Em plena Semana do Mar, a altura não poderia ser mais ideal para partir à descoberta do mar dos Açores. Por isso, o Departamento de Oceanografia e Pescas da Universidade dos Açores, em parceria com o Observatório do Mar dos Açores, está a organizar, ao longo desta semana, uma iniciativa à qual foi dado o nome “Venha conhecer o Canal Faial/Pico”. A ideia é levar todos aqueles que desejem conhecer melhor o mar que separa estas duas ilhas numa viagem de semi-rígido, com a duração de cerca de 1h30.
De acordo com o biólogo Filipe Porteiro, responsável pela iniciativa, estas viagens, mais do que um passeio nas águas azuis cintilantes que rodeiam as ilhas do Pico e do Faial, visam dar informações às pessoas que nelas participam, não apenas sobre o património natural mas também sobre o património edificado, a história das ilhas, a arqueologia, entre outras coisas. São visitados vários locais de interesse natural reconhecido, classificados pela Rede Natura 2000 como a zona de Porto Pim, as grutas da Feteira ou o Monte da Guia.

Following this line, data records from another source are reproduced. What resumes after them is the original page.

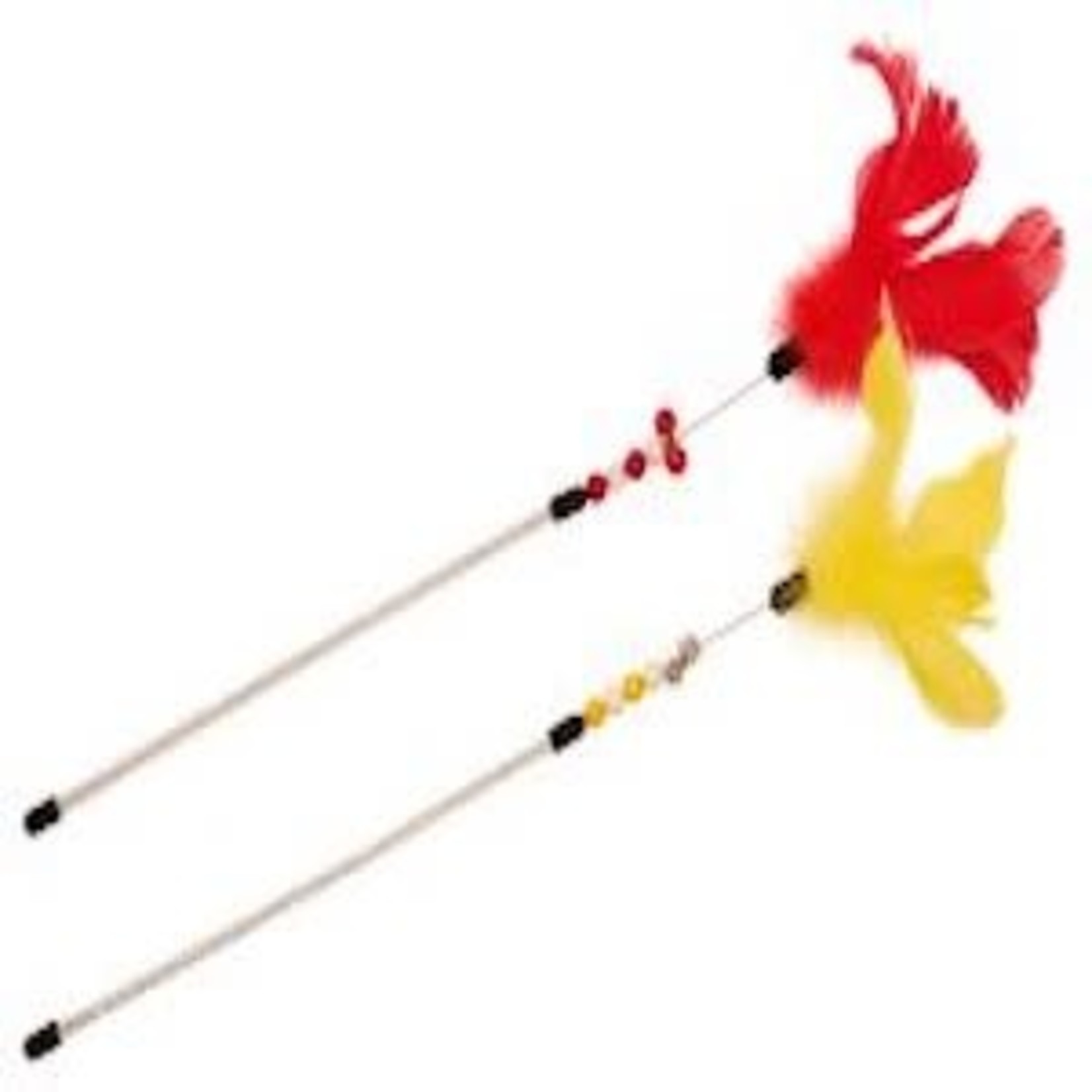 BUD-Z Bud-Z Feather Duster Toy For Cats Goldfinch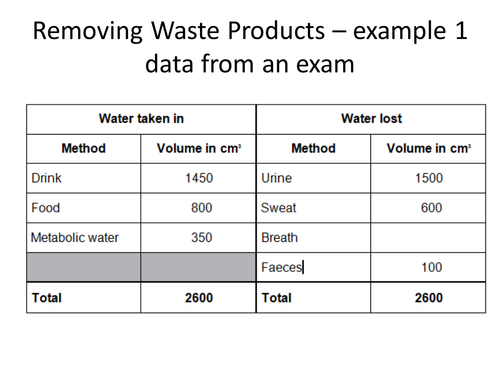 AQA B12: Homeostasis in Action (Triple content only)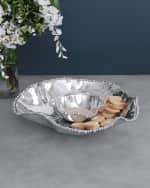 Image 1 of 2: Beatriz Ball Organic Pearl Onyx Dip Bowl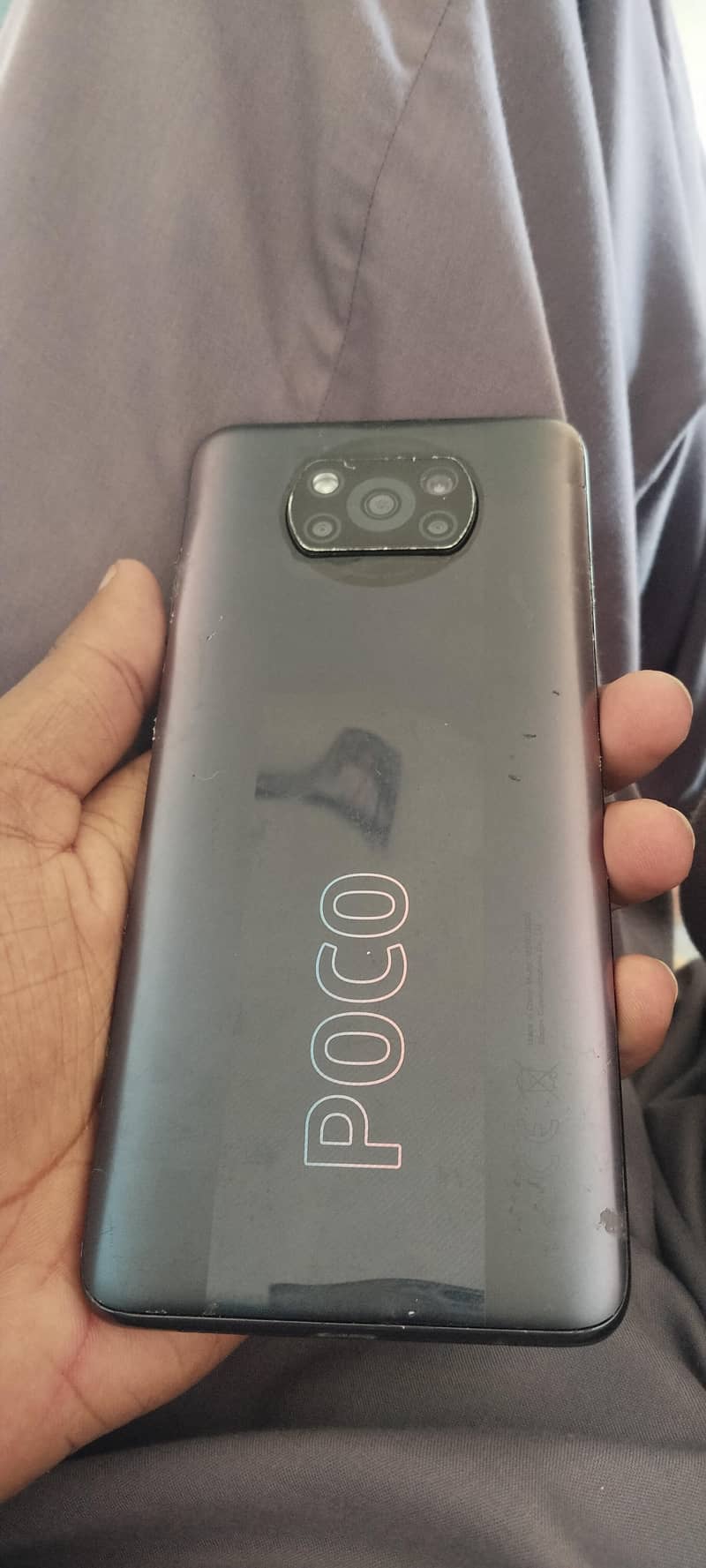 Poco x 3 pro 0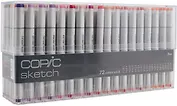 Набор маркеров "Copic Sketch A", 72 цвета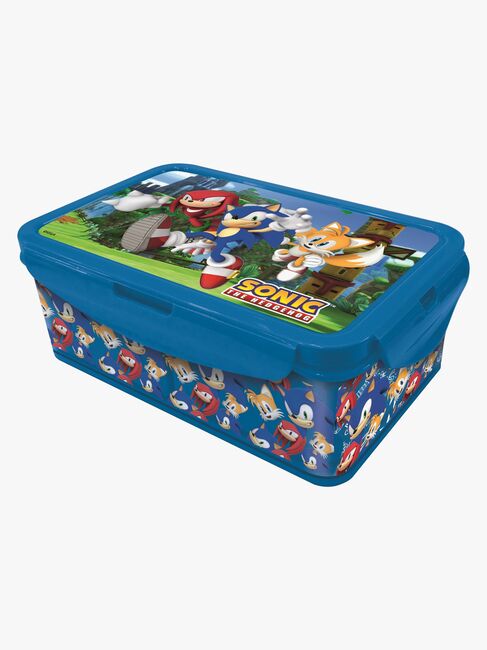 Sonic Matboks med Avtakbart Rom, Blue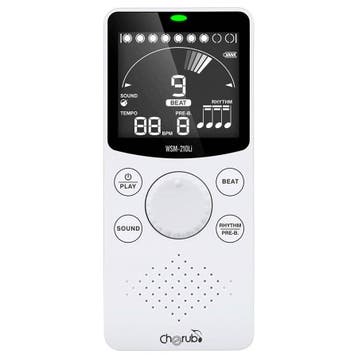 Cherub WSM-210Li oplaadbare digitale metronoom, Ophalen of Verzenden, Nieuw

Este é o quarto ano consecutivo em que esta iniciativa acontece e, de acordo com o responsável, há sempre uma grande procura por parte da população.
A campanha da Bandeira Azul foi iniciada na Europa em 1987, pela Fundação para a Educação Ambiental, com o apoio da Comissão Europeia. Foi criada para premiar as zonas balneares e os portos de recreio que cumprissem um conjunto de critérios de natureza ambiental, de segurança e conforto dos utentes e de informação e sensibilização ambiental. Nesse ano, a Marina da Horta comemorava o seu primeiro aniversário, e hasteava pela primeira vez a Bandeira Azul. Este domingo, a bandeira voltou a subir, pela 24.ª vez, atestando a qualidade daquele espaço por mais um ano.
De acordo com o presidente do Conselho de Administração da APTO (Administração dos Portos do Triângulo e grupo Ocidental), entidade gestora da Marina, esta instituição “tem procurado melhorar as condições desta marina no que respeita aos critérios de natureza ambiental verificados anualmente pela Associação da Bandeira Azul da Europa”. Assim, foram recentemente colocados eco-pontos preparados para receber resíduos sólidos, óleos e baterias usadas, e é feito um controlo apertado da qualidade da água. A APTO tem procurado também garantir “a vigilância permanente do espaço”, ao mesmo tempo que aposta na manutenção dos equipamentos, principalmente dos flutuantes, mais sujeitos ao desgaste.
Como lembrou Nascimento, a Bandeira Azul não é a única certificação de qualidade de que a Marina da Horta dispõe. A ela, junta-se o galardão Quality Coast, uma certificação independente, atribuída por um júri internacional, a comunidades costeiras que apresentem um bom desempenho global sustentável. Mais recentemente, o ingresso no clube das mais belas baías do mundo foi também uma vitória para a Horta, partilhada naturalmente pela Marina faialense, referência da baía.
Para o secretário regional do Ambiente e do Mar, o número crescente de bandeiras azuis atribuídas na Região – este ano foram 33 – é motivo de satisfação. Álamo Meneses frisou que este sucesso só foi possível graças aos “muitos e bons parceiros” da Secretaria Regional do Ambiente e do Mar.
De acordo com o governante, a Marina da Horta é um bom exemplo de articulação entre actividade económica e sustentabilidade ambiental, que se complementam uma à outra, principalmente nos dias que correm, em que os turistas valorizam cada vez mais a qualidade ambiental na hora de escolher os destinos de férias.